Private Prison Cartoon
California made headlines on Sept. 11 for voting to end contracts with private prison companies, a move that will effectively over the state of all for-profit prisons in the next decade. While the difference between a private and a public prison may seem unimportant to most Americans, the difference can enormously affect the quality of life for inmates forced into either of
these systems.

Numerous studies show that private prisons experience more overcrowding than public prisons and offer fewer psychiatric and educational services. According to a 2016 study conducted by the Department of Justice, “contract prisons [private prisons] incurred more safety and security incidents per capita than comparable BOP [Federal Bureau of Prisons] institutions.” Further distressing is the fact that lower standards of monitoring for contract prisons means more instances of violence may have gone unnoticed by the study.

The proliferation of private prisons affects not only the inmates jailed within them, but the correctional officers who guard them. In order to make a bigger profit, private prisons often pay their employees less than public prisons and equip them with less training and fewer methods
of defense.

Correctional officers have reported being understaffed, at times outnumbered by inmates 100 to 1, and told not to intervene in inmate fights to protect themselves from any liability. Beyond the threat of bodily harm, the constant stress of dealing with thousands of inmates while unarmed can lead to intense psychological trauma for correctional officers, something reflected in the high rates of turnover for prison employees.

Supporters of the private prison system often point to two supposed pros of the system: lower costs for the government and higher profits for local communities.

The economic benefits of private prisons are not so clear. Comparisons of the two are difficult to make, since the inmate populations and methods of counting costs differ, but there is only a negligible difference in cost. Private prisons still receive a stipend from the government to function, and any profit they make benefits the contracting company, not the local economy.
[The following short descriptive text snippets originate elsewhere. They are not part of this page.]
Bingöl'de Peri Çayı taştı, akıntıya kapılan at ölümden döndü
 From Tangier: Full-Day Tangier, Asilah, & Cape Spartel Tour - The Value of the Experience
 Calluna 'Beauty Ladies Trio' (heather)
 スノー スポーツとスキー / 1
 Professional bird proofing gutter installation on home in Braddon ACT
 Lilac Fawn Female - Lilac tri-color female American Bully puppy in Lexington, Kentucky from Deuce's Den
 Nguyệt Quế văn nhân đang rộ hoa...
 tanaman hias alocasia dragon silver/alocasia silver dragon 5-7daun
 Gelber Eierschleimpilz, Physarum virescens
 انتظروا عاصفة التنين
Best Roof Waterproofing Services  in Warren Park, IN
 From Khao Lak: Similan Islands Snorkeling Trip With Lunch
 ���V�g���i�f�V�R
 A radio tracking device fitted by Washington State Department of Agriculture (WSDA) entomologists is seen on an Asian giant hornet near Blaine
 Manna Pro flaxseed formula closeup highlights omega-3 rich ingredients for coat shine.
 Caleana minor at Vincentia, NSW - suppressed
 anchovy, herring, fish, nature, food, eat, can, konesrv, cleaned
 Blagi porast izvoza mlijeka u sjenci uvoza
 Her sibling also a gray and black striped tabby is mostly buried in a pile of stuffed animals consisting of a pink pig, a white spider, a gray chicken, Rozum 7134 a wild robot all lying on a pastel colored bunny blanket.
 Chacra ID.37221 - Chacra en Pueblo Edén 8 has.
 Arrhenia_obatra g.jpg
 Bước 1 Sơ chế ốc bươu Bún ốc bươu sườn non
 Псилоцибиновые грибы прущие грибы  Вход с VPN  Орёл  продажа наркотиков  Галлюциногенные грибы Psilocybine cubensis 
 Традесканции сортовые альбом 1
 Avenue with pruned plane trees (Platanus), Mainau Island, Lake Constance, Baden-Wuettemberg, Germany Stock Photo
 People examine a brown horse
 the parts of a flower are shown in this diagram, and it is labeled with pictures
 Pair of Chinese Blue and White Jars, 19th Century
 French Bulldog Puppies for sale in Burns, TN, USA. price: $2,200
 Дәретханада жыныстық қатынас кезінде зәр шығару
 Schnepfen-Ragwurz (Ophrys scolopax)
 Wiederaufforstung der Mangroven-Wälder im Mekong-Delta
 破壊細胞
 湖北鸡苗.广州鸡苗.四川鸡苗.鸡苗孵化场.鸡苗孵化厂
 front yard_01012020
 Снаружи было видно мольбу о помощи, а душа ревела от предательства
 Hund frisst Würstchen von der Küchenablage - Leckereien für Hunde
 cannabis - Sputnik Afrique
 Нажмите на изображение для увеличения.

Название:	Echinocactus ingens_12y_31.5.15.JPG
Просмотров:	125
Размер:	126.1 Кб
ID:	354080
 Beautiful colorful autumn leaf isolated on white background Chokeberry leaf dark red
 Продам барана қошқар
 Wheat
The private prison system came into full swing during the infamous “Tough on Crime” mentality of the 1980s, when the swell in the number of prisoners outpaced the number of federal prisons available to house them, causing the
government to turn to outsourcing.

Now, almost 40 years after the crime crackdown, with data to prove that harsh sentencing and full prisons are not effective strategies of keeping crime down, there needs to be transition to a more sustainable method of incarceration. Abolishing private prisons is far from a panacea for the broken prison system, but it is an important first step in affirming that treating human beings as commodities is unethical.

As a state notoriously plagued by high incarceration rates,
Louisiana would be a surprising choice to lead the prison reform movement, but a welcomed one. With such a large percentage of its population in prison, seemingly minor changes in the way prisons are run could have major ripple effects, from lowering recidivism rates to improving trust in the Louisiana court system.

Louisiana’s motto declares “union, justice and confidence,” and as such, all of its citizens deserve the “justice” promised to them.
Cécile Girard is a 19-year-old biology and psychology sophomore from Lake Charles, Louisiana.